Boost to infrastructure in Budget 2020
The finance minister announced several steps to boost the infrastructure growth. Several schemes were announced and huge funds have been allocated for industry and commerce. Rahul Grover-CEO, SECCPL, points out: “This year, the budget has revealed the government’s intentions towards bettering infrastructure. The National Infrastructure Pipeline includes 6,500 projects across the country and finance minister Sitharaman has also announced the allocation of Rs 27,300 crores for industry and commerce in FY21. Along with this, plans for developing strategic national highways have also been announced, which can help bring about developmental changes in the real estate sector as well.”
What were the announcements for affordable housing in Budget 2020?
In the Budget 2019, the government had introduced tax benefit for affordable home buyers under section 80EEA, for deduction up to Rs 1.5 lakhs against interest payment.
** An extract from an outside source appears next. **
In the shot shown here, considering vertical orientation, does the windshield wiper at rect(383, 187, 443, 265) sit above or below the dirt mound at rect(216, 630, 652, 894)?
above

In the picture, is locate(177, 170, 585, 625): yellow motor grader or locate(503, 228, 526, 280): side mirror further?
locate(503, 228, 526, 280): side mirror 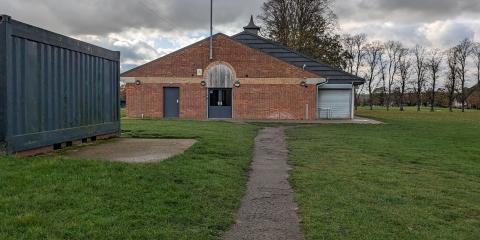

However, the deadline was March 31, 2020. In the Budget 2020, the FM has announced an extension of the benefit under section 80EEA till March 31, 2021.
“The Union Budget 2020-21 continued the government’s focus on the affordable housing sector, by extending the permitted additional deduction of up to Rs 1.5 lakhs for interest paid on loans borrowed for the purchase of an affordable house valued up to Rs 45 lakhs, by one year, i.e., up to March 31, 2021. Thus, the total tax deduction available on such interest paid stays at Rs 3.5 lakhs for one more year, which is expected to positively impact demand in the affordable housing segment. Moreover, segmental supply is also expected to be favourably impacted by the one-year extension in the tax holiday currently available to developers of affordable housing,” says Shubham Jain, group head and senior vice-president, corporate ratings, ICRA Ltd.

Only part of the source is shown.